● **LISTED ENTRIES**
········

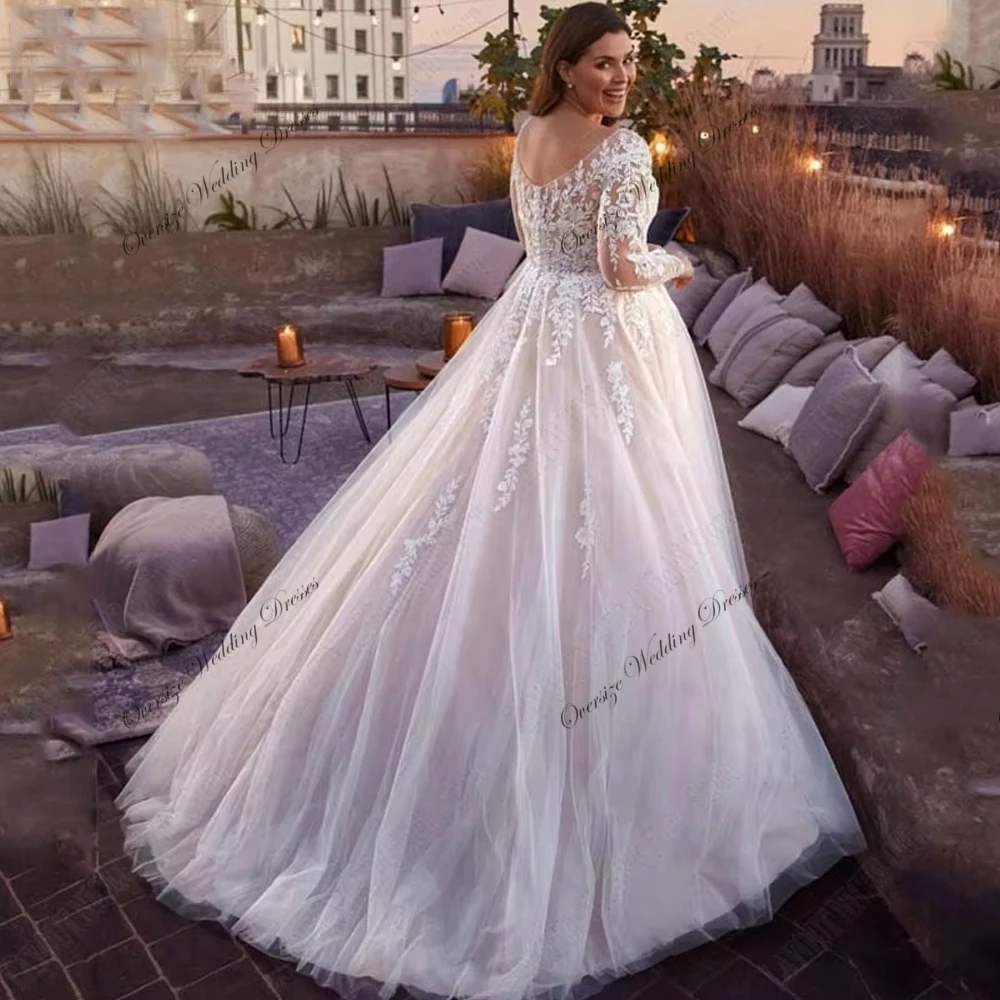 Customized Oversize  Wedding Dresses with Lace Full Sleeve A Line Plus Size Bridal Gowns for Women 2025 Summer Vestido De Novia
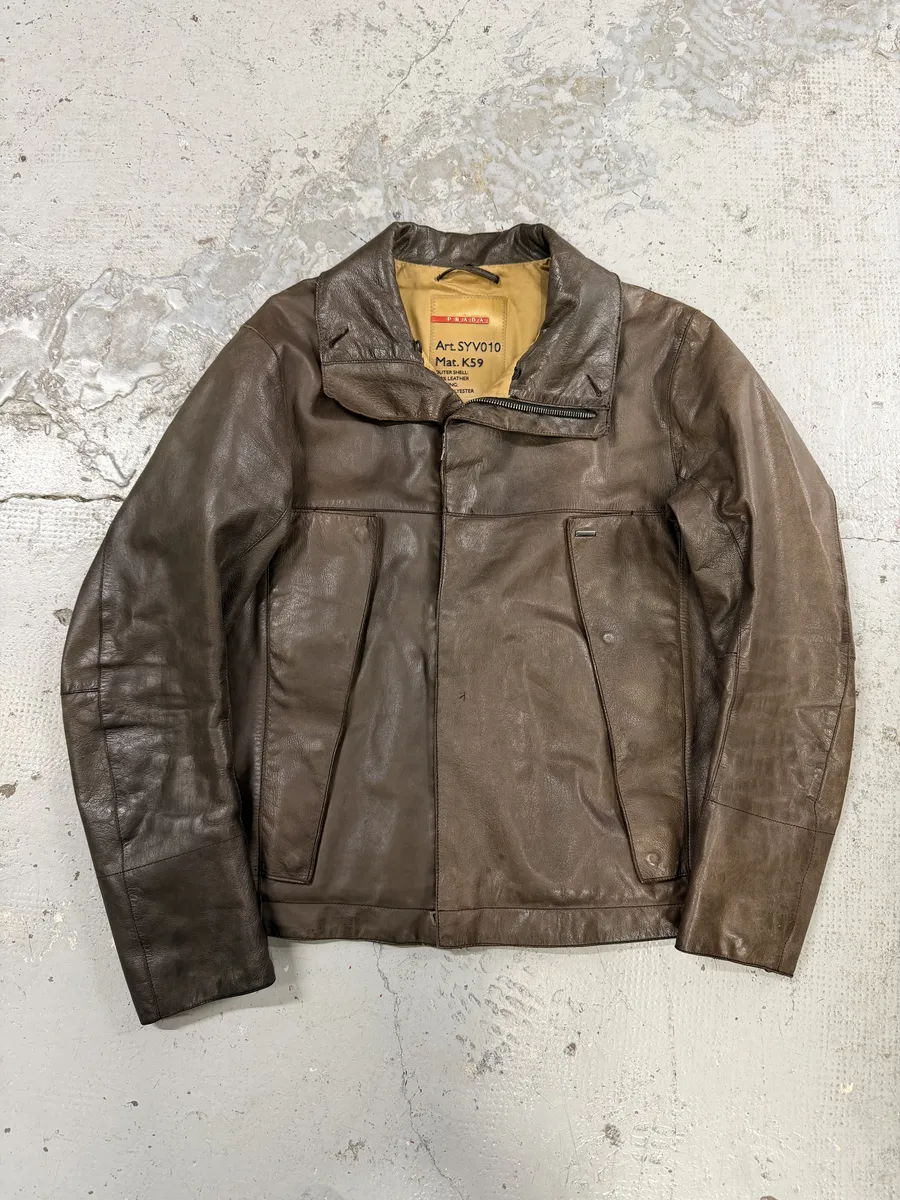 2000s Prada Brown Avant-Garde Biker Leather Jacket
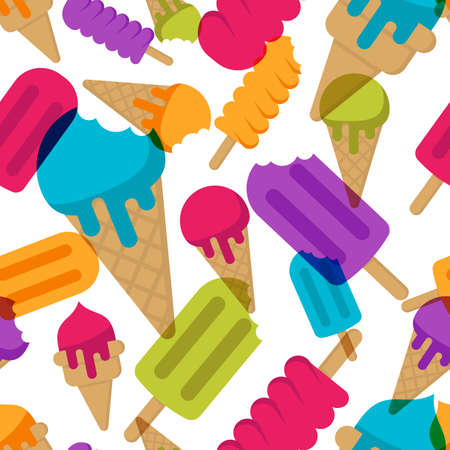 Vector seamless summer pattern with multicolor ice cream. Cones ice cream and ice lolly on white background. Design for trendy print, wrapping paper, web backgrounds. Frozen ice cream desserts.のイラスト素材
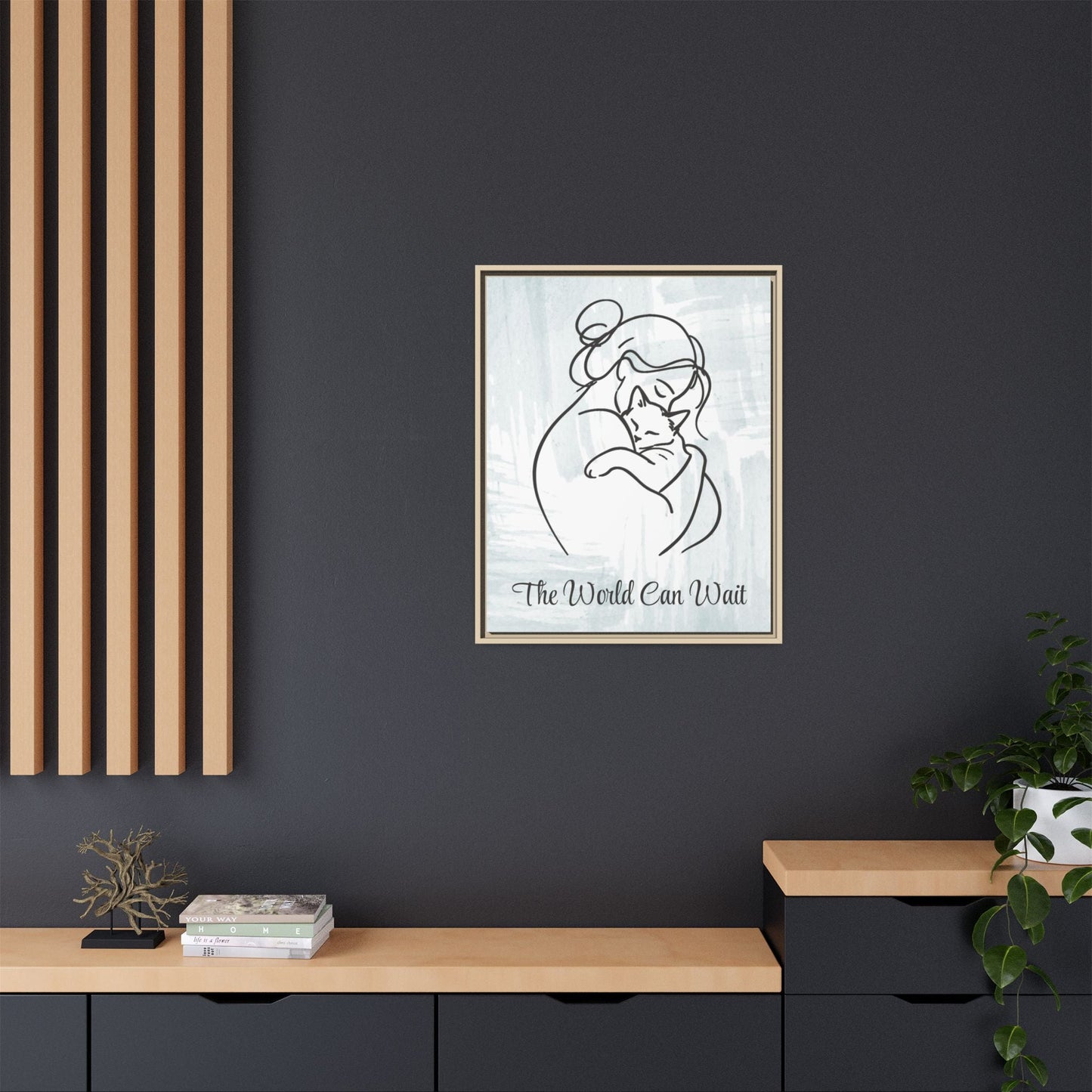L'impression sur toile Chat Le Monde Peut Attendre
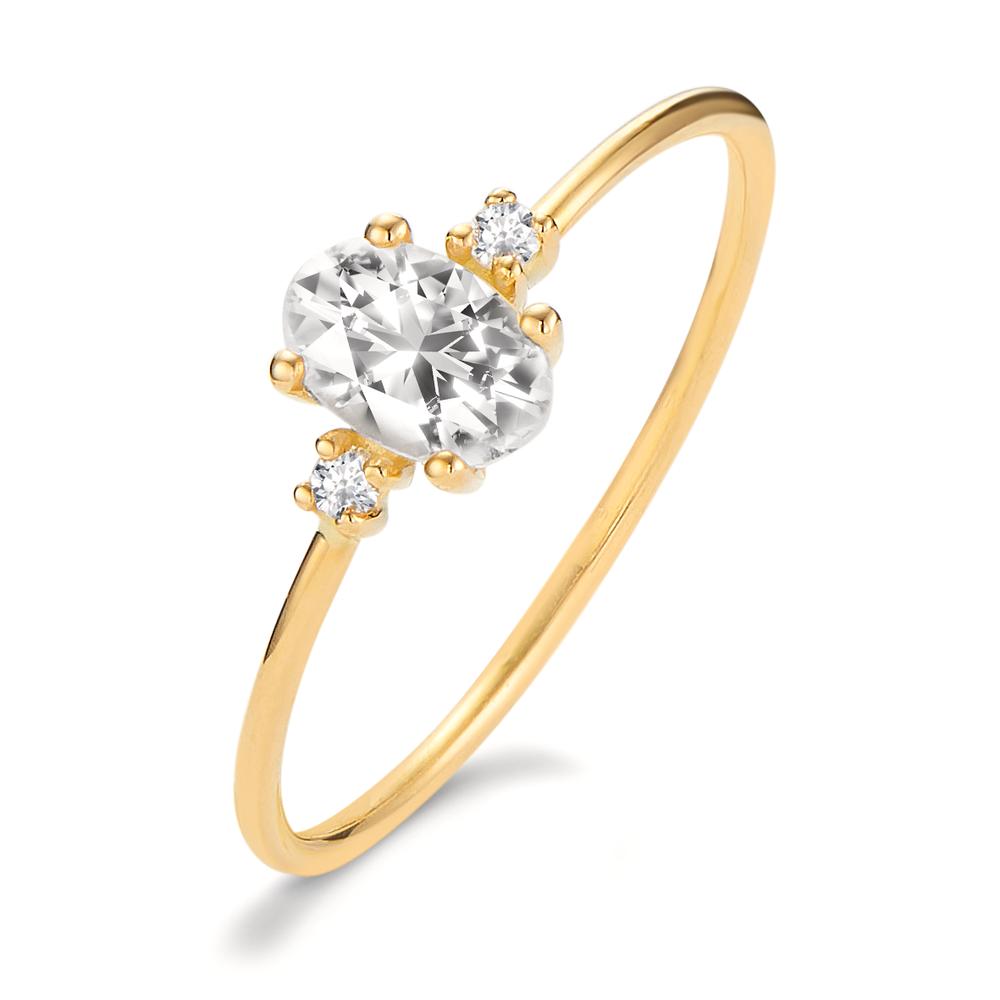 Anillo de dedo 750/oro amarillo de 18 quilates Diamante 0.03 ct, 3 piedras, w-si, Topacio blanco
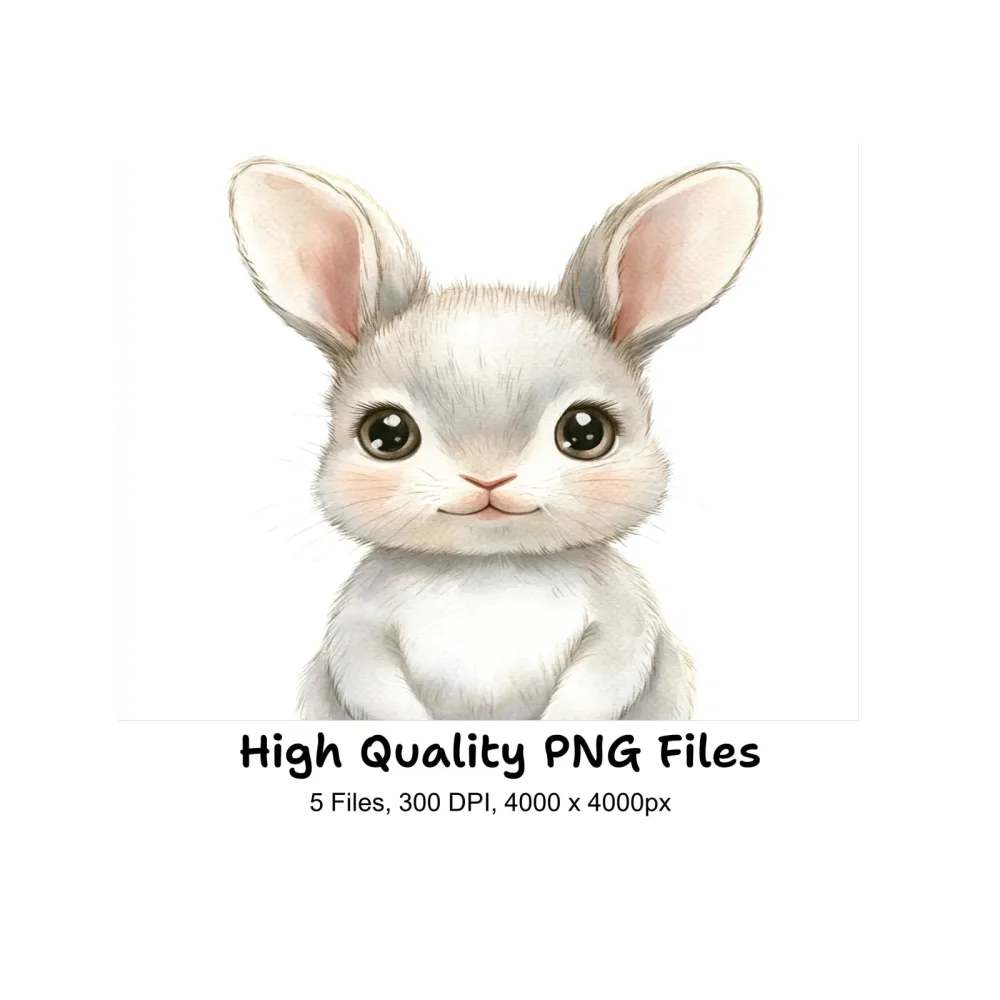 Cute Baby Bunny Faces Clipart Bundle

········

● **YOUR ASSIGNMENT**
In the data above, start at the line holding "Vector seamless summer" and stop after the line holding "Anillo de dedo"; write out those lines exactly, without pictures.

● **RESPONSE AREA**
 Vector seamless summer pattern with multicolor ice cream. Cones ice cream and ice lolly on white background. Design for trendy print, wrapping paper, web backgrounds. Frozen ice cream desserts.のイラスト素材
L'impression sur toile Chat Le Monde Peut Attendre
 Anillo de dedo 750/oro amarillo de 18 quilates Diamante 0.03 ct, 3 piedras, w-si, Topacio blanco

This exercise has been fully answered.